Beginning at the line containing "黄色激情四射阳光下的运动场充满活力和希望 黄色激情四射阳", print every line until the records end, keeping each exactly as it is.

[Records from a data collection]
:::

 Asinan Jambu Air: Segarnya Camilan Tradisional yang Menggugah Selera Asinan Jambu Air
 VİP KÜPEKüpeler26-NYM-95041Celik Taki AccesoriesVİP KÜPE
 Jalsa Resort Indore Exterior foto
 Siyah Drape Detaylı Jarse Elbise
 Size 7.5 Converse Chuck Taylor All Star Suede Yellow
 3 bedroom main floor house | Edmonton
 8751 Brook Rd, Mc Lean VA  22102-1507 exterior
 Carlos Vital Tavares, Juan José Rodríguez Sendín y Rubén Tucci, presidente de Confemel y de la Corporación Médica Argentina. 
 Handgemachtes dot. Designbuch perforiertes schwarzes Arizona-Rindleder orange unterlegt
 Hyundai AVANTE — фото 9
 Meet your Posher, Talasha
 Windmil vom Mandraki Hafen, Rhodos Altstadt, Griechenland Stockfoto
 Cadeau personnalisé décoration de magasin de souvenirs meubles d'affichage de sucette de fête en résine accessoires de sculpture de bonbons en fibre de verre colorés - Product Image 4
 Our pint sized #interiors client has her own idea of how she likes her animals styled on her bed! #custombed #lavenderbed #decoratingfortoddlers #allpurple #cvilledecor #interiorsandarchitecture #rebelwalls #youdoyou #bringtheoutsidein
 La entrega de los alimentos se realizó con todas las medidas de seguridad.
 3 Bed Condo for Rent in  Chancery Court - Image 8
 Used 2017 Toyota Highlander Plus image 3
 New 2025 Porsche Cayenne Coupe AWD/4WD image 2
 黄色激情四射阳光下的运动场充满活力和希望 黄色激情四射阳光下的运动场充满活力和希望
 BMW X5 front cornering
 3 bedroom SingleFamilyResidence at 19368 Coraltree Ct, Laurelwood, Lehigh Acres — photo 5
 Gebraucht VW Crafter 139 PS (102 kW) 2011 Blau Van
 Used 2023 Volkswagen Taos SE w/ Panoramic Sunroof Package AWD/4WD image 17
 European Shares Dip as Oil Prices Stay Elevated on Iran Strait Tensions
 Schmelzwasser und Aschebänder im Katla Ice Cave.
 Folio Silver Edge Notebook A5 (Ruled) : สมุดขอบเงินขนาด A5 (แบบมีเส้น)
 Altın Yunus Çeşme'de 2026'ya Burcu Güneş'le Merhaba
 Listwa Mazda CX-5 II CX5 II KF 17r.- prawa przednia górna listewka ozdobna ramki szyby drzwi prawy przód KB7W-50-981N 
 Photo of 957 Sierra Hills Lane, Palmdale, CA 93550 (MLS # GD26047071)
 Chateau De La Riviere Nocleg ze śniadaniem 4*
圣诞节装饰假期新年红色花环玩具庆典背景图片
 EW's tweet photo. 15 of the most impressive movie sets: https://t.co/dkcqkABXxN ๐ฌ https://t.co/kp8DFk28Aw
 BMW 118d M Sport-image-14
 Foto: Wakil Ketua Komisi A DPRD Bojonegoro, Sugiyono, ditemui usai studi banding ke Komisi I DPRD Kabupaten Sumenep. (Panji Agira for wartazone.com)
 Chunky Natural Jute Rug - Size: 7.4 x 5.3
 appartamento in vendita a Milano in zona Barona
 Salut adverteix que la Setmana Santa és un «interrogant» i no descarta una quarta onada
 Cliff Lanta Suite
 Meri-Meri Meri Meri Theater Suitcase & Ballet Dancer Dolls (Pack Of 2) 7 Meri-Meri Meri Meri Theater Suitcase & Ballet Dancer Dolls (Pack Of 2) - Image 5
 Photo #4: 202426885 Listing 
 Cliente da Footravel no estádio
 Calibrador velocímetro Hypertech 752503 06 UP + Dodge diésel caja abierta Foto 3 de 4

:::

Written solution
 黄色激情四射阳光下的运动场充满活力和希望 黄色激情四射阳光下的运动场充满活力和希望
 BMW X5 front cornering
 3 bedroom SingleFamilyResidence at 19368 Coraltree Ct, Laurelwood, Lehigh Acres — photo 5
 Gebraucht VW Crafter 139 PS (102 kW) 2011 Blau Van
 Used 2023 Volkswagen Taos SE w/ Panoramic Sunroof Package AWD/4WD image 17
 European Shares Dip as Oil Prices Stay Elevated on Iran Strait Tensions
 Schmelzwasser und Aschebänder im Katla Ice Cave.
 Folio Silver Edge Notebook A5 (Ruled) : สมุดขอบเงินขนาด A5 (แบบมีเส้น)
 Altın Yunus Çeşme'de 2026'ya Burcu Güneş'le Merhaba
 Listwa Mazda CX-5 II CX5 II KF 17r.- prawa przednia górna listewka ozdobna ramki szyby drzwi prawy przód KB7W-50-981N 
 Photo of 957 Sierra Hills Lane, Palmdale, CA 93550 (MLS # GD26047071)
 Chateau De La Riviere Nocleg ze śniadaniem 4*
圣诞节装饰假期新年红色花环玩具庆典背景图片
 EW's tweet photo. 15 of the most impressive movie sets: https://t.co/dkcqkABXxN ๐ฌ https://t.co/kp8DFk28Aw
 BMW 118d M Sport-image-14
 Foto: Wakil Ketua Komisi A DPRD Bojonegoro, Sugiyono, ditemui usai studi banding ke Komisi I DPRD Kabupaten Sumenep. (Panji Agira for wartazone.com)
 Chunky Natural Jute Rug - Size: 7.4 x 5.3
 appartamento in vendita a Milano in zona Barona
 Salut adverteix que la Setmana Santa és un «interrogant» i no descarta una quarta onada
 Cliff Lanta Suite
 Meri-Meri Meri Meri Theater Suitcase & Ballet Dancer Dolls (Pack Of 2) 7 Meri-Meri Meri Meri Theater Suitcase & Ballet Dancer Dolls (Pack Of 2) - Image 5
 Photo #4: 202426885 Listing 
 Cliente da Footravel no estádio
 Calibrador velocímetro Hypertech 752503 06 UP + Dodge diésel caja abierta Foto 3 de 4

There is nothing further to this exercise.